- HEIC / HEIF
- High Efficiency Image Container/Format — Apple's default iPhone photo format since iOS 11. It uses the HEVC video codec for still image compression, achieving roughly half the file size of JPG at equivalent visual quality, but lacks native support on Windows and Android without third-party codecs.
- libheif
- An open-source C library for reading and writing HEIC/HEIF files, developed by the same team behind the reference HEVC implementation.

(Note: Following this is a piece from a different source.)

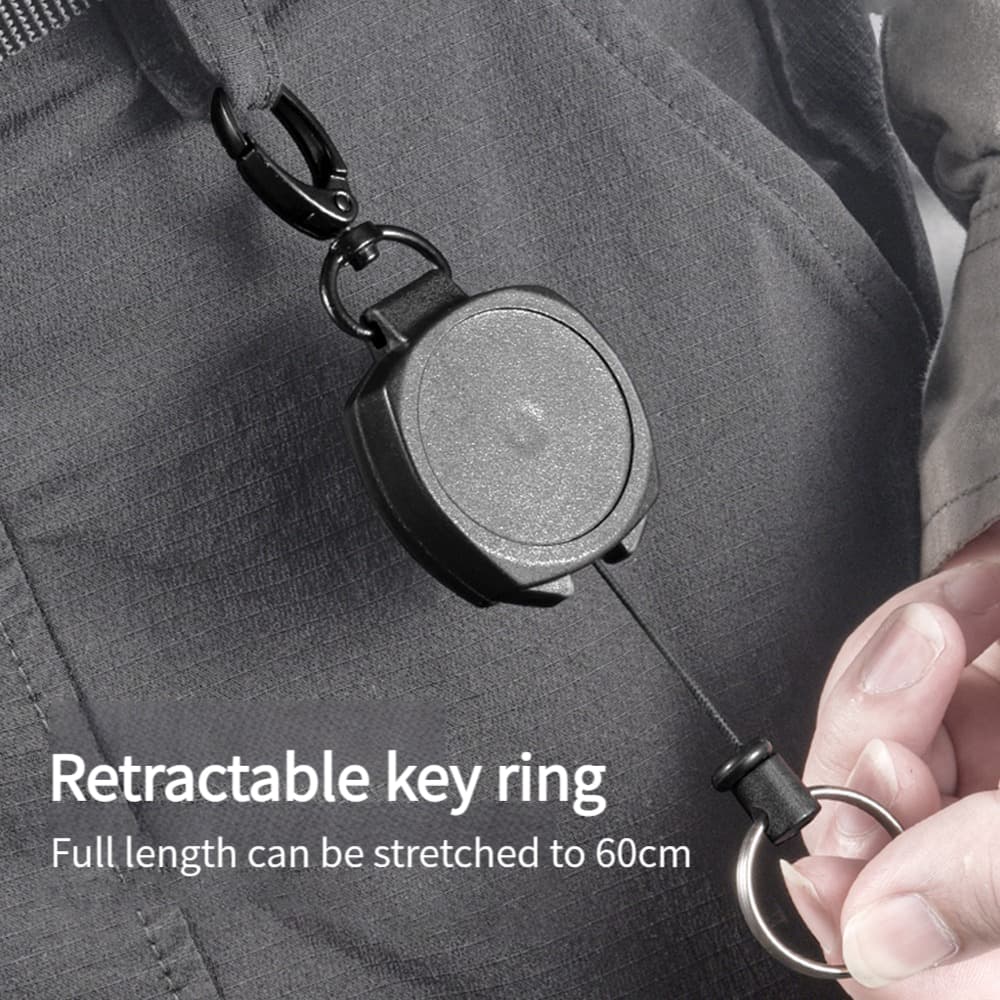 Chaveiro retrátil chaveiro anti-roubo de alta elasticidade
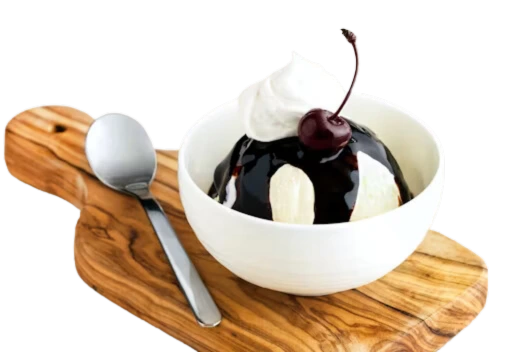 Outback Spotted dog sundae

This tool uses a WebAssembly build of libheif to decode HEIC files entirely inside the browser without a server-side installation.
- Apple Photos format
- The term sometimes used informally for HEIC, since Apple adopted it as the default capture format across all iPhones and iPads in 2017. It is not Apple's proprietary invention — it is a standardised container format from the MPEG standards body.
- JPG / JPEG
- Joint Photographic Experts Group — the most universally supported lossy image format, introduced in 1992. Every operating system, browser, camera, printer, and web platform can read JPG files natively, making it the safe choice when compatibility matters more than file size efficiency.
- Universal compatibility
- The ability of a file format to be opened by any device, operating system, or application without installing extra codecs or plugins. JPG achieved near-universal compatibility in the early 2000s; HEIC is still working toward it in 2025.
- Conversion quality
- A 1-100 value controlling how aggressively the output JPG is compressed. Higher quality values preserve more image detail at the cost of larger file sizes. Quality 92 is visually lossless for most photography; quality 75 is suitable for web and email attachments.